Third, "we'll test going forward" doesn't answer for product already shipped. That gap ran through all three citations: media fills after October 2026, peak monitoring going forward, reference-sample testing from now on. None of it addresses what's already in the U.S. market, and a response built only around future testing is a response built to fail FDA review.
FAQ
What products does the Sato Pharmaceutical warning letter cover?
OTC drug products manufactured at the firm's Hachioji, Tokyo facility, including sterile products made on its aseptic filling line. The letter does not name specific brands; all product identifiers are redacted.
Is Sato Pharmaceutical still making sterile drugs for the U.S. market?
No. The firm voluntarily halted sterile-drug production for the U.S. market.

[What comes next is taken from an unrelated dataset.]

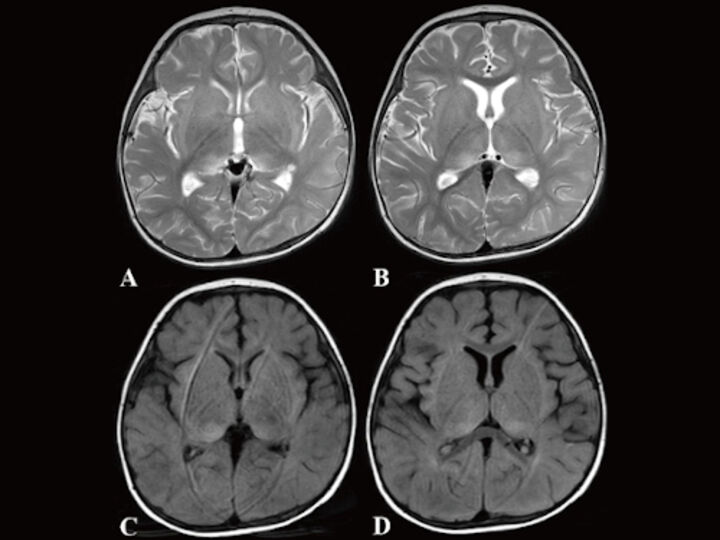 ONE IN 100 PATIENTS HOSPITALIZED WITH COVID-19 LIKELY TO DEVELOP NEUROLOGICAL COMPLICATIONS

FDA wants a written commitment to keep that halt in place until corrective actions and a CAPA plan are finalized, or a written commitment to stop sterile manufacturing for the U.S. market permanently.
Did FDA accept Sato's response to the inspection findings?
No. FDA reviewed the firm's December 12, 2025 response and found it inadequate on all three citations, saying it addressed individual fixes rather than the systemic failures in aseptic design, stability testing, and microbiological controls.